# Small Dogs and Weight Loss



## SpooOwner (Oct 1, 2010)

My overweight foster boy is losing about 0.2-0.3 lbs per day (3-5 oz/day). Does this sound like a healthy amount? Too much? Too little? He's down to 15.4 lbs, and probably needs to lose another pound (it's hard for me to tell; maybe half a pound, maybe more).


----------



## DaneMama (Jun 27, 2008)

It all depends on how he's acting and feeling overall. If he's acting normal and healthy then it's fine but if he's showing signs of issues...then there might be some reason for concern.


----------



## xellil (Apr 4, 2011)

When Snorkels needed to lose so much weight, I tried to keep it at 1 pound per month.
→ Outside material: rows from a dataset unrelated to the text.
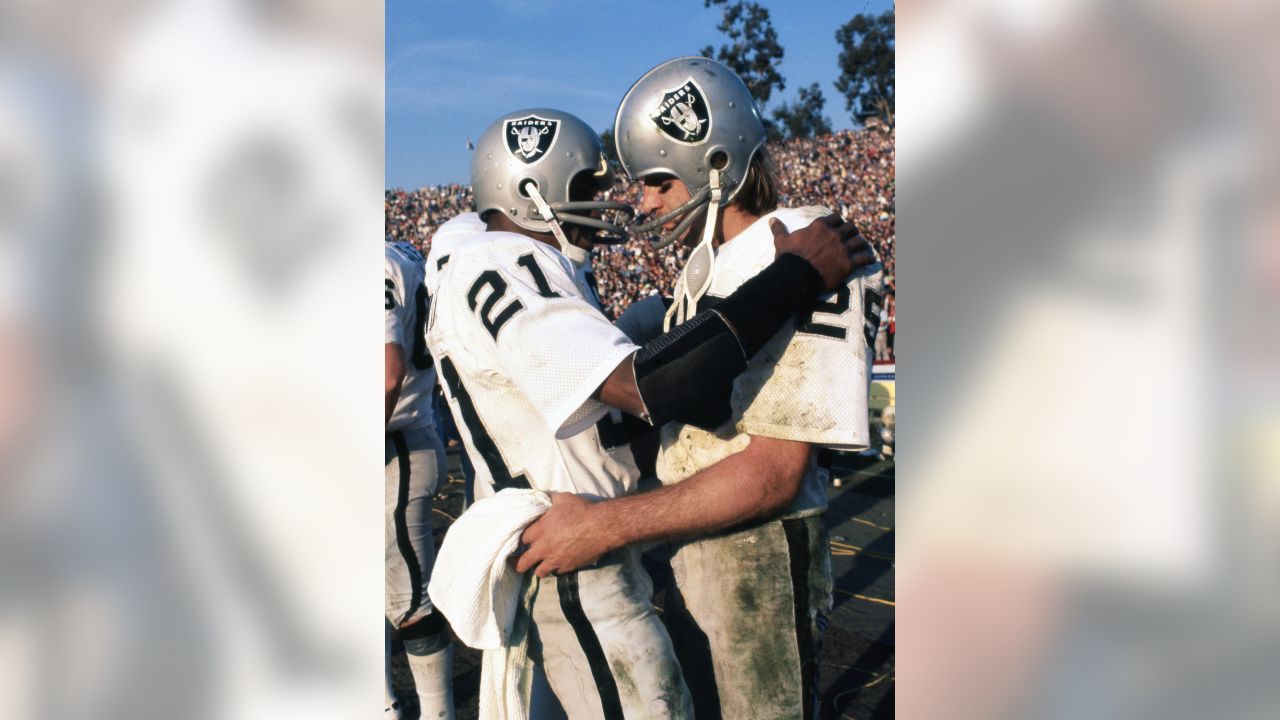 Oakland Raiders players huddle before an NFL football game against the San  Diego Chargers in Oakland, Calif., Sunday, Oct. 9, 2016. (AP Photo/Marcio  Jose Sanchez)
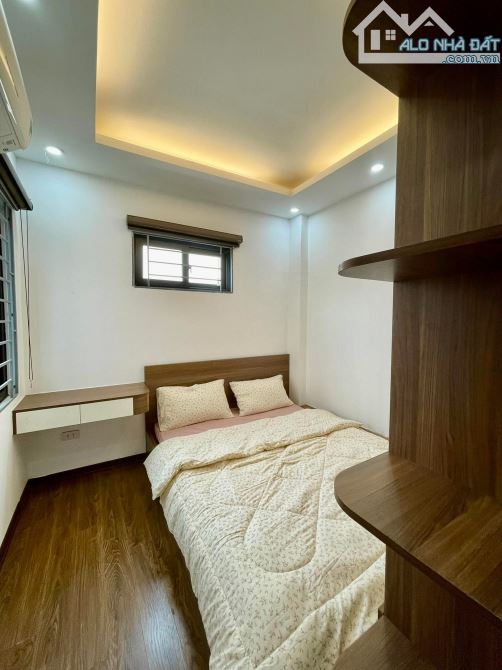 BÁN CHCCMN NGUYỄN KHÁNH TOÀN 50M 2 NGỦ FULL NỘI THẤT VỊ TRÍ THOÁNG NGÕ NÔNG GIAO THÔNG TỆN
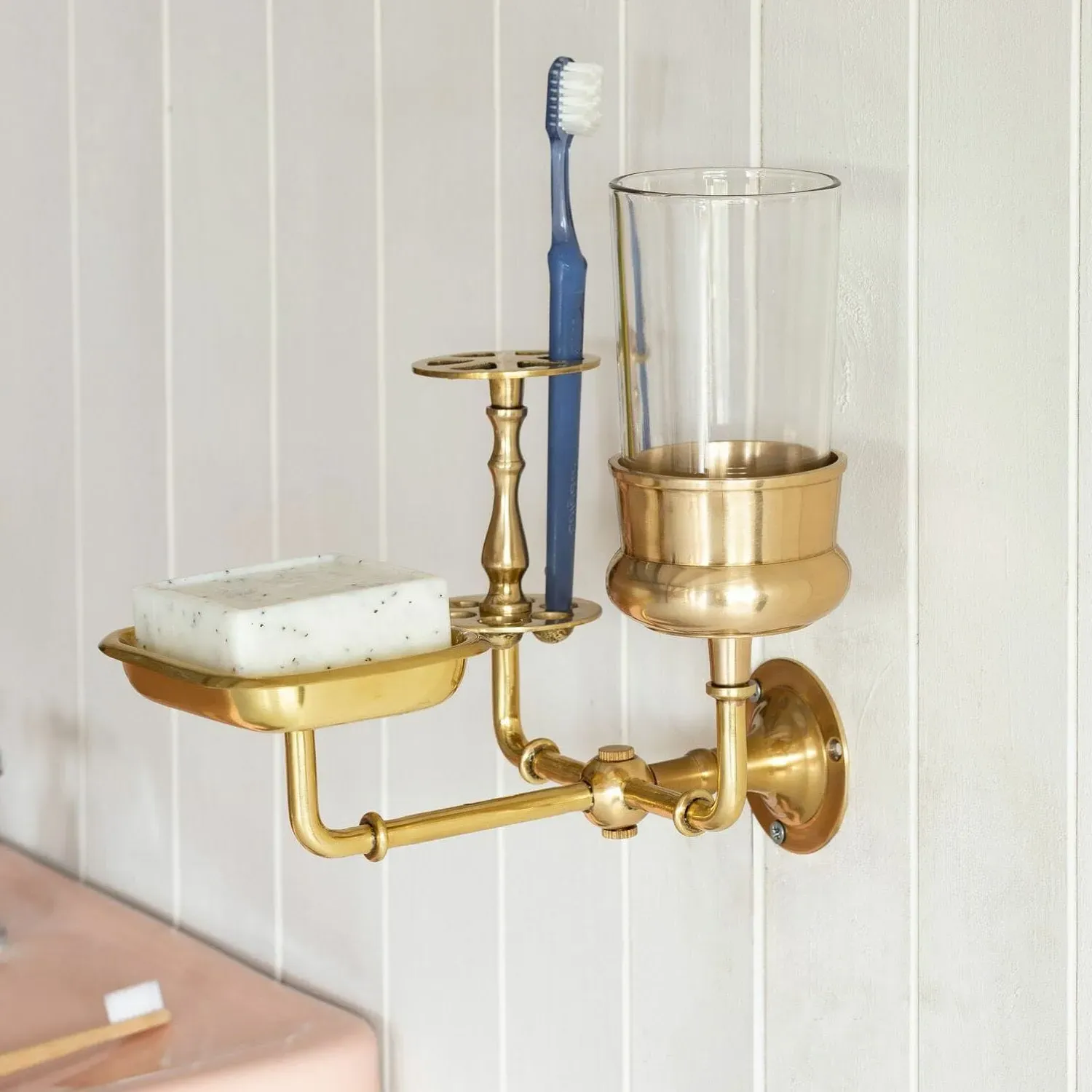 Cleveland Wall-Mounted Bathroom Organiser - Antiqued Gold, Brass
Which would be about 4 oz per week. 

This was on vet advice - now, if she had lost faster maybe it would have been fine. I did feel more comfortable with it being a little slower, though.


----------



## SpooOwner (Oct 1, 2010)

xellil said:


> When Snorkels needed to lose so much weight, I tried to keep it at 1 pound per month. Which would be about 4 oz per week.
> 
> This was on vet advice - now, if she had lost faster maybe it would have been fine. I did feel more comfortable with it being a little slower, though.


Thank you, thank you, thank you, X. It seemed like a lot in terms of percentage of weight, but I'm still figuring out how to feed a little guy.


----------



## magicre (Apr 7, 2010)

it seems like a little too fast, but he's so close to what you want him to weigh, i'd just stick to your program...you're a very responsible owner, spoo, you'll start to stabilise his food according to his weight...and at the rate he's going, probably by the weekend


----------



## xellil (Apr 4, 2011)

It's really hard. Snorkels is my first small dog. i am used to much larger amounts, like you are. I have a really hard time keeping her the same weight. 

She needs to weigh about 10 pounds, and two months ago we went in and she weighed 11.7. Darn. Now reduce food, two months later she's down to 9.9. Next time, she might be 9 pounds or 11 pounds. I can't seem to get it right.

We are doing 4 oz of food a day now - I mean, it seems like almost no food at all. But it's a little less than 3% of her weight. 

Good luck - I think he's looking good from your last photo, shouldn't need to lose a whole lot.


----------



## SpooOwner (Oct 1, 2010)

Well, the little porker stole some venison last night and had himself a feast. Miraculously, he's still down to 15.3 lbs, even though he _looks_ like he gained a pound.

Now I totally understand why people weigh meals. It's really hard to keep track of how much he's eating. He gets more or less unlimited treats during the day when training, and about 0.3 lbs for dinner (one little wing, one small turkey neck, one strip of pork). Most of the treats are single ingredient, e.g. dehydrated lamb lung, so I feel ok giving them to him, I just have no idea how much he's getting. And I'm shocked that he isn't back up to 16 lbs after his all-you-can-eat buffet. My big dogs can gain or lose a couple of pounds and I don't even notice, but every ounce matters to this little guy.


----------



## xellil (Apr 4, 2011)

I weigh every ounce of Snorkels' food. it's so easy to overfeed them. 

And then, if you have other people in your family sneaking them Cheerios or some such, you gotta keep an eye on that also.


----------